"Mis ojos no han visto eso."
Translation:My eyes have not seen that.
"My eyes have not seen that"? Really? I'm curious, would anyone actually use this expression in Spanish, as opposed to simply "No he visto eso"? It sounds like something from the King James version of the Bible.
It sounds the same way in Spanish XD Maybe in a novel or something similar, but definetely not something we say in daily conversation.
Why not LOS OJOS ? I have seen many examples of OJOS(eyes) used with the article "LOS." Why is this above sample sample different? And when do I use MIS vs. LOS? Thanks
I am not positive, but if it did not say 'mis ojos' we would not know who didn't see.

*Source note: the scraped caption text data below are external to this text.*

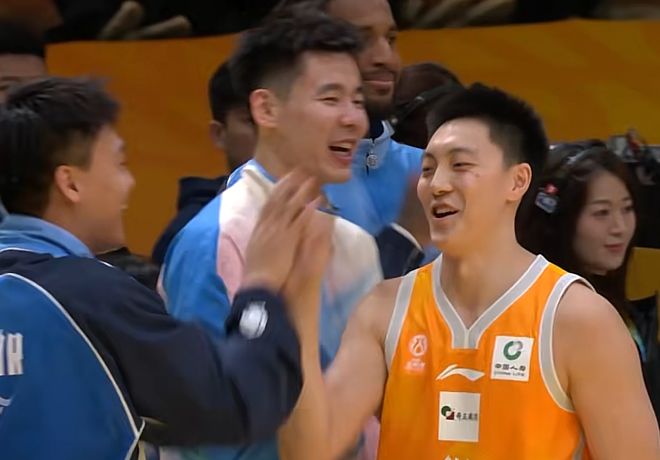 恭喜胡明轩！达成新成就，比肩广东队名宿朱芳雨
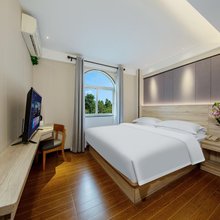 文星酒店(广州华南师范大学石牌校区华景路地铁站店)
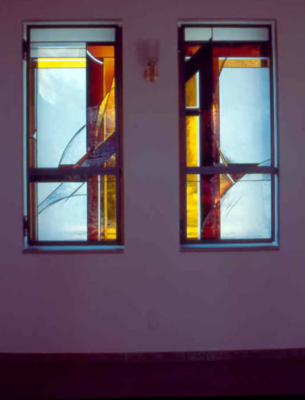 Friedhofskapelle Unterthingau “Alfa und Omega”, Entwurf: Anita Rist-Geiger, Ausführung: Glasmalerei Sattler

My theory: It can be LOS OJOS (the eyes). But in this sentence, it's MIS OJOS (my eyes).
I'm also curious as to why the possessive is used in this sentence. what I learned from my Spanish professor is that in Spanish body parts are always referred to as "los" versus "mis". maybe it's a regional thing.
I'm not totally sure, but I'm assuming (like aboyer02 above) that since it's more of an abstract sentence, it's not referring to the actual anatomy of the person talking.
I think it's talking more about a visual experience (such as looking at earth from space), rather than seeing something in the literal sense (in which case it would refer to the actual function of eyes).
So, since this sentence seems to be talking about personal experience, it's only natural that they would use the possessive "mis."
This was a long-winded answer and it could be totally incorrect, but it's my theory. :) Hope it helps!
Not using the possessive with body parts is more of a guideline than a fixed rule. In this sentence, it was necessary to use the possessive to identify who's eyes are being talked about.
The situations where the possessive is not used often have an indirect object pronoun elsewhere in the sentence which indicates the person being affected. Example:
Me duelen los ojos. --- My eyes hurt.
Le duelen los ojos. --- His / her eyes hurt.
Te duelen los ojos. --- Your eyes hurt.
It is a nice, perhaps lyrical phrase though. Also I can imagine a couple of football (soccer) pedants discussing whether it was hand ball or not in the penalty area.